Convergences was produced in collaboration with Jennifer Boyden for the City of Walla Walla, Washington. It is a sculpture that considers the collision of things often thought of as being separate and how we occupy the space between, them such as: earth and sky, child and adult, stone and human, rationality and imagination, light and matter. This sculpture recognizes the significance of the unity of these elements and reveals ways that the space between them can be understood as the realm that belongs to the imagination. By integrating both the ephemeral (reflections, time, moments of inspired imagination) and the concrete (the stone, bronze, and the location itself), this piece speaks to the remarkable interdependences and resulting coherence of these elements.
Convergences is composed of three elements: a basalt column (approximately 15 feet tall x 36 inches in diameter), two text bands that encircle the column, and a mirror-polished section between the two text bands. The polished section of basalt can be understood as a horizon line—separating earth from sky, child from adult, the sounds of upper from those of lower, bird from crawling things, and so on.

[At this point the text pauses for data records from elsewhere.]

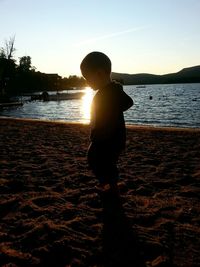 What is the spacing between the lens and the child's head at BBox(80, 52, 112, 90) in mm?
3453

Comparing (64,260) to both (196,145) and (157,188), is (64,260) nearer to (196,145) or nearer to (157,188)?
(157,188)

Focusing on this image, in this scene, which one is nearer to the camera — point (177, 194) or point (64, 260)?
point (64, 260)

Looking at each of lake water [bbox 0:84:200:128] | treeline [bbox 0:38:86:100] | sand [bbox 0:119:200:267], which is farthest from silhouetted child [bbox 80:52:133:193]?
treeline [bbox 0:38:86:100]

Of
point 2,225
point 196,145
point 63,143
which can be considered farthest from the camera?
point 63,143

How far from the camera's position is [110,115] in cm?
374

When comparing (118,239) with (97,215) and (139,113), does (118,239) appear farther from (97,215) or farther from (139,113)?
(139,113)

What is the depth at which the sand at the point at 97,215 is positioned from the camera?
9.64 ft

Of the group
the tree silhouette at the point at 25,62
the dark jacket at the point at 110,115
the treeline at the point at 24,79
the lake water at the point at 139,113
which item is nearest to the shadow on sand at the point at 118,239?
the dark jacket at the point at 110,115

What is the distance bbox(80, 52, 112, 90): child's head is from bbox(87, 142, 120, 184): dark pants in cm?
85

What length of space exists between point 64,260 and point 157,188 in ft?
8.36

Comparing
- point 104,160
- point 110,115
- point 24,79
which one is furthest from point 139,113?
point 24,79

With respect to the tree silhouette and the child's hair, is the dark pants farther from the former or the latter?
the tree silhouette

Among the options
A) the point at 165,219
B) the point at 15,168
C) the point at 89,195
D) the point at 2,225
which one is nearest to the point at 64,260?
the point at 2,225

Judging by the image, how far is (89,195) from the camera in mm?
4613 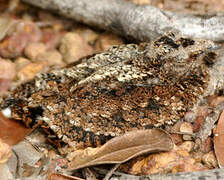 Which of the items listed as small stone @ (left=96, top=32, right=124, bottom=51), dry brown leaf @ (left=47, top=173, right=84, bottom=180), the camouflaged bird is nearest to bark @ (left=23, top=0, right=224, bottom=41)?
small stone @ (left=96, top=32, right=124, bottom=51)

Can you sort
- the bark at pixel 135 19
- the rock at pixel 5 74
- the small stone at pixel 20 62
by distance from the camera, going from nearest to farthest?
1. the bark at pixel 135 19
2. the rock at pixel 5 74
3. the small stone at pixel 20 62

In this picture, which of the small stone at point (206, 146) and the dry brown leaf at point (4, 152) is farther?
the small stone at point (206, 146)

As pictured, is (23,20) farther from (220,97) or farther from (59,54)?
(220,97)

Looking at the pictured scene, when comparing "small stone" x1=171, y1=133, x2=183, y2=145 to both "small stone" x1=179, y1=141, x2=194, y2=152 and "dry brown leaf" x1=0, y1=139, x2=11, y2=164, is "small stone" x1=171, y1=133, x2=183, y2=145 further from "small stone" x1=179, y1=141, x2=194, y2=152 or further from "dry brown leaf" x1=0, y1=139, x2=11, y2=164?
"dry brown leaf" x1=0, y1=139, x2=11, y2=164

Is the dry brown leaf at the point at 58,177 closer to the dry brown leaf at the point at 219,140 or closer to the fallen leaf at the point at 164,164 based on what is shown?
the fallen leaf at the point at 164,164

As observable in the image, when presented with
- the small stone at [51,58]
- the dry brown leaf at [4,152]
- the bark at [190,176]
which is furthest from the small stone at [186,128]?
the small stone at [51,58]

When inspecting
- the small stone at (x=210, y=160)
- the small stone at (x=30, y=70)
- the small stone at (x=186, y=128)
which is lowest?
the small stone at (x=210, y=160)

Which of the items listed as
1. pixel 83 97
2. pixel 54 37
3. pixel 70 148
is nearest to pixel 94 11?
pixel 54 37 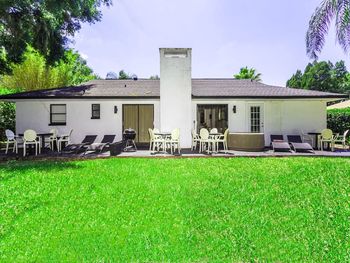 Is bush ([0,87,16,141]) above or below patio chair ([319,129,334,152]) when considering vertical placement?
above

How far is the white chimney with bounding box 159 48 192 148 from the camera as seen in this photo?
17.1 metres

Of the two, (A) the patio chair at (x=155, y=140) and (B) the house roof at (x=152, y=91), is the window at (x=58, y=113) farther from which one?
(A) the patio chair at (x=155, y=140)

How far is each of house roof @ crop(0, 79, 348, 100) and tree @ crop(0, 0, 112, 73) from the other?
3368 millimetres

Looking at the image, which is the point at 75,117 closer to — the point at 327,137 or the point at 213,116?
the point at 213,116

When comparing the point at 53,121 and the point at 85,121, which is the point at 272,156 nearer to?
the point at 85,121

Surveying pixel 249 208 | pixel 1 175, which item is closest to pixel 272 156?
pixel 249 208

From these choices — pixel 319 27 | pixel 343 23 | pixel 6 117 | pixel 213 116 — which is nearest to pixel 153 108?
pixel 213 116

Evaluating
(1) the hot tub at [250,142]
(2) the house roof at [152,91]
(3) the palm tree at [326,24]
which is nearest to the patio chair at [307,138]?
(2) the house roof at [152,91]

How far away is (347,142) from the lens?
20.5 m

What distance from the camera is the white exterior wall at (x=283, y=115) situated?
1875 cm

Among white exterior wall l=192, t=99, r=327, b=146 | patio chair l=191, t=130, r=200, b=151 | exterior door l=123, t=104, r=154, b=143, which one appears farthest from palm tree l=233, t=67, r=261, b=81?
patio chair l=191, t=130, r=200, b=151

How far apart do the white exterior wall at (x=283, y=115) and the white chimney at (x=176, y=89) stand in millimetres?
1748

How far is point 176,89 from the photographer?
1709 centimetres

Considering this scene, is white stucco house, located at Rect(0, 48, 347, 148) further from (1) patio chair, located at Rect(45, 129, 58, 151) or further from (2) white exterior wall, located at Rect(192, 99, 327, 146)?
(1) patio chair, located at Rect(45, 129, 58, 151) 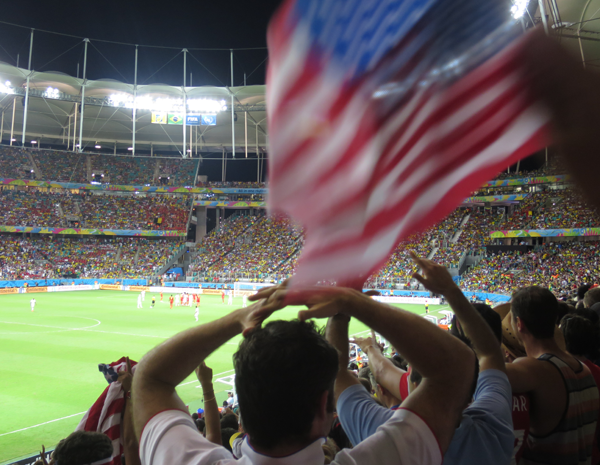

Within this horizon line is reflected the image of the viewer, making the viewer responsible in all cases for bringing the two sides together, either through offering the self as image or the self as imagination. At the same time, the mirror-like finish between the bands text provides an opportunity for the viewer to question him or herself. While reflective, this band will still retain some of the irregularities of the original surface, and thus the reflection of the viewer will be distorted. The distortion allows the viewer to see the self in a new way, as if according to the perspective of the column or natural world itself.
This text on the two bronze bands features the beginnings or endings of dreamlike statements that offer an investigation into natural elements of this region. The unfinished nature of these statements invites the viewer to complete the statement, thus making the viewer's generative response of imagination and insight a part of the piece itself. The text of the upper and lower bands loosely corresponds with each other. The act of connecting the two involves bridging the gap between them. As the gap is a mirrored finish, the viewer again sees the self as a part of what must be encountered in order to make the statements complete. Thus, the self (as both image/physical being and as generative/creative being) becomes a way to complete the piece itself and, more specifically, the statements it contains.